-- TASK DIRECTIONS --
Give back every line of the material below exactly, but no images.

-- INFORMATION PROVIDED --
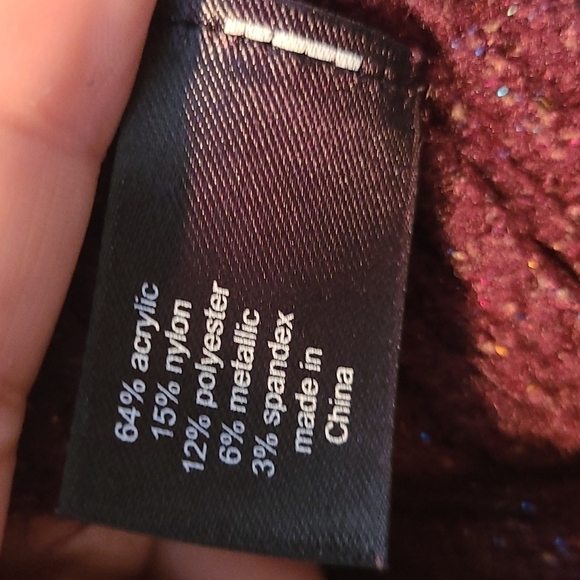 Lane Bryant Burgundy Scalloped Hem Sparkly all‎ over Size 20 Long Sleeve Top - Picture 4 of 4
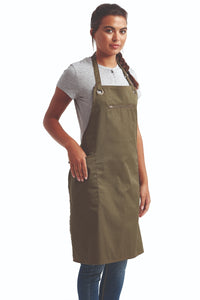 Olive ‘Barley’ Sustainable Bib Apron (3 Pockets)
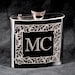 3 Monogrammed Hip Flasks Stainless Steel, Groomsmen Gifts
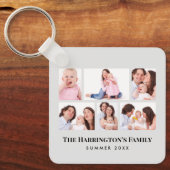 Porte-clés 6 sections Photo personnalisée Cadres gris minimal (Recto)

-- ANSWER AREA --
 Lane Bryant Burgundy Scalloped Hem Sparkly all‎ over Size 20 Long Sleeve Top - Picture 4 of 4
 Olive ‘Barley’ Sustainable Bib Apron (3 Pockets)
 3 Monogrammed Hip Flasks Stainless Steel, Groomsmen Gifts
 Porte-clés 6 sections Photo personnalisée Cadres gris minimal (Recto)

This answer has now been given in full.